The sun plays an important part in our life. Not only is it an abundant source of light and energy but apparently it also influences how much some of us eat. As per an Israeli study, by stimulating the production of a hormone that increases appetite, sunlight can indeed make men feel hungry. For this very unique study, researchers from Tel – Aviv University analyzed the nutritional data of approximately 3,000 people. The study was published in the journal Nature Metabolism.
And, they discovered that men ate about 300 calories more per day during the summer, while that was not the case with women. The study found that sunlight causes the hormone ghrelin to be released into the bloodstream, but only in men. Ghrelin is also known as the “hunger hormone,” among other things, and it is responsible for the increase in appetite. To examine more, the researchers exposed male and female participants to 25 minutes of midday sunlight and found out that it triggered an increase in the levels hormone ghrelin in the men’s bloodstream but not in women’s. The study has acted as an addition to the growing evidence that the effects of sun exposure might be more complicated than it is believed to be.

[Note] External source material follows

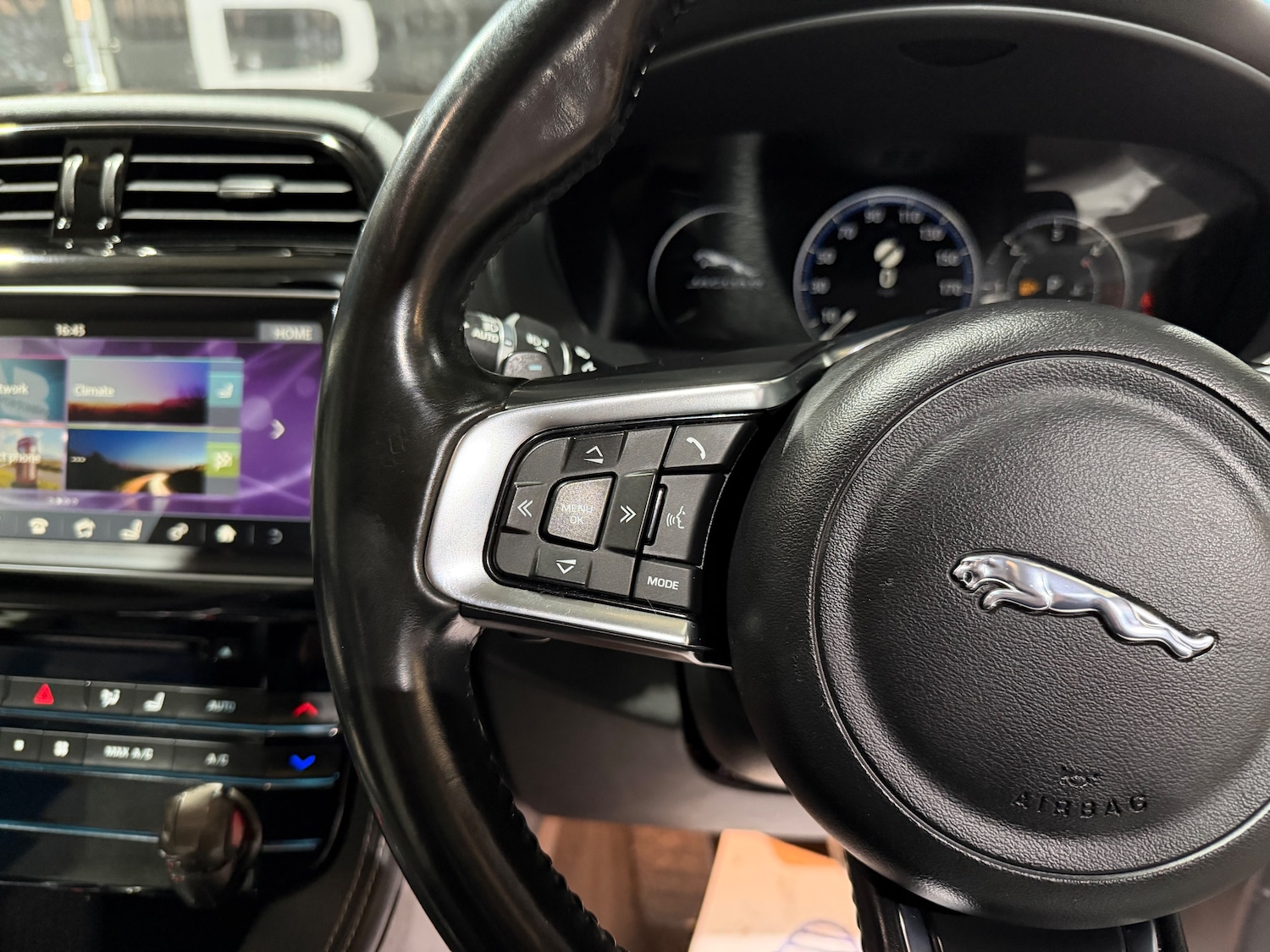 Used Jaguar F-Pace 2016 for sale - 78107092: Photo 33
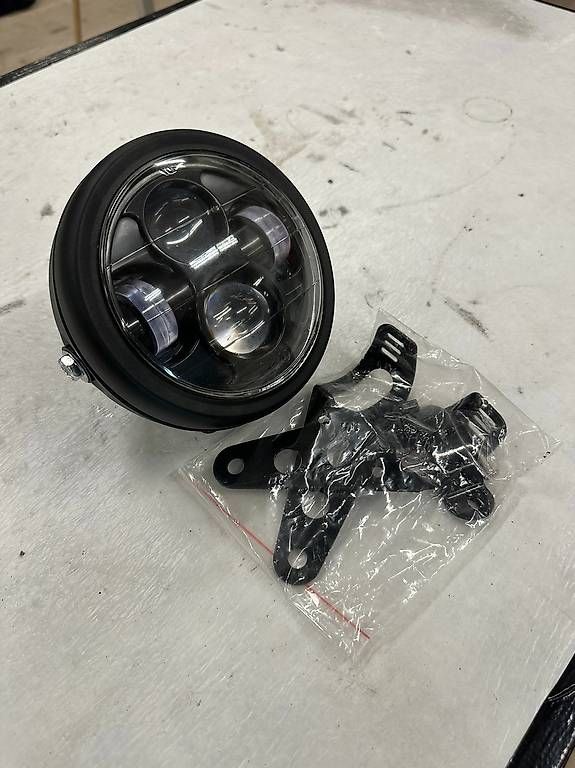 Fari: LED Motorrad Scheinwerfer  – Usato da Balgach venduto da grxb 1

If you are thinking of avoiding sunlight to cut on those extra calories then hear this out. The study also noted that excessive avoidance of sunlight can be harmful to health. However, moderate exposure to the sun can be extremely beneficial as it reduces the risk of heart disease, and ghrelin may play a role in it. It is known that too much exposure to the sun is known to increase the risk of skin cancer, but some new studies have said that an optimum amount of sunlight can increase life expectancy, by helping to prevent heart diseases and other causes of death. The hormone also can affect your body in a number of other ways, which researchers say is yet to be explored in more detail.
Carlos Diéguez and Rubén Nogueiras, professors at the University of Santiago de Compostela, Spain who were not involved in the study, wrote in an accompanying news and views in Nature Metabolism that, "This work will surely pave the way for further studies on the role of the skin in energy and metabolic homeostasis [balance], a field that had largely been overlooked."